*What you will do:*
Pictures are to be left out; every line from the one with "Fashion Friends V" through the end of the data must be transcribed exactly.

*Data:*
::::::
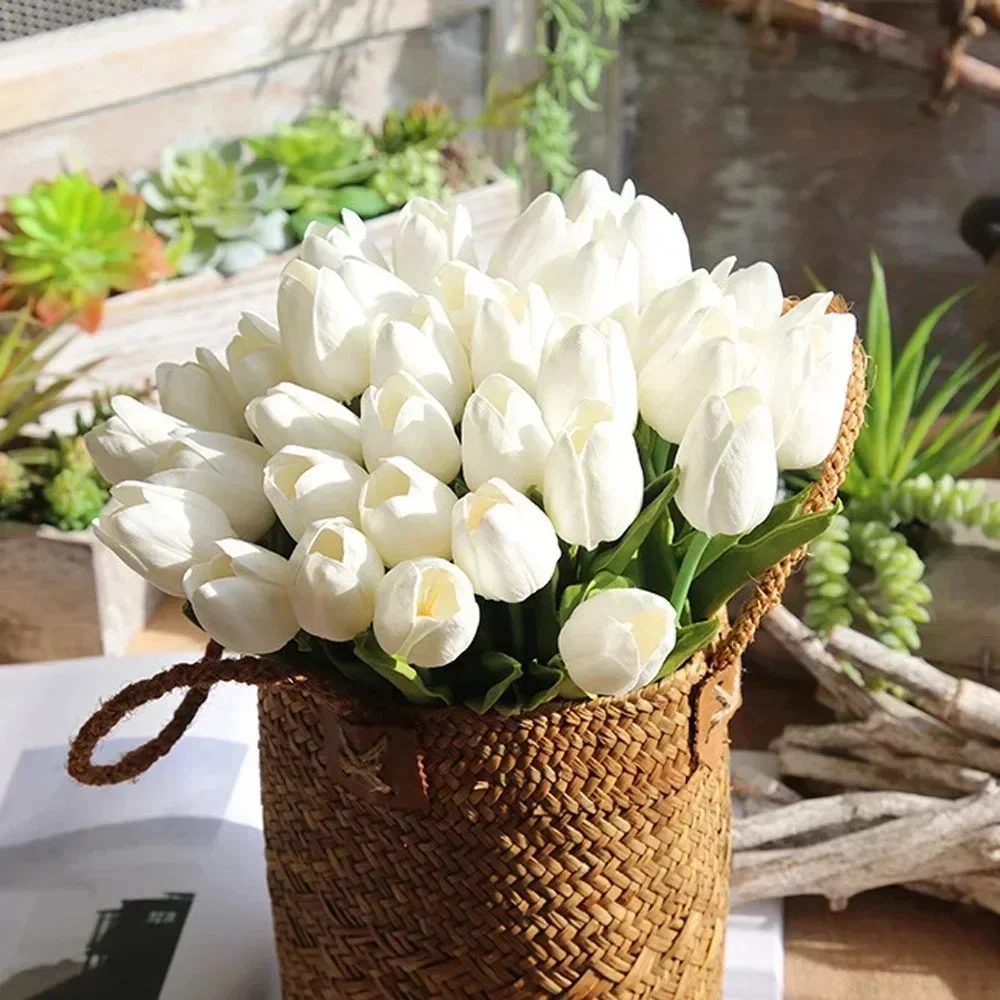 

5PCS Tulip Artificial Flower Real Touch Artificial Bouquet PE Fake Flower for Wedding Decoration Flowers Home Garden Decor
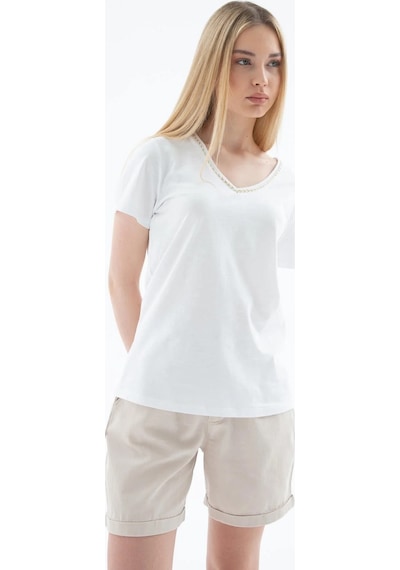 Fashion Friends V Yaka Kadın T-shirt 26y0478k1 Beyaz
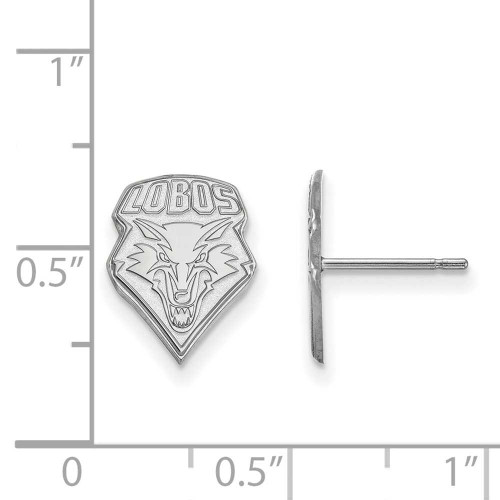 Image of 14K White Gold University of New Mexico Small Post Earrings by LogoArt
::::::
*Output:*
 Fashion Friends V Yaka Kadın T-shirt 26y0478k1 Beyaz
 Image of 14K White Gold University of New Mexico Small Post Earrings by LogoArt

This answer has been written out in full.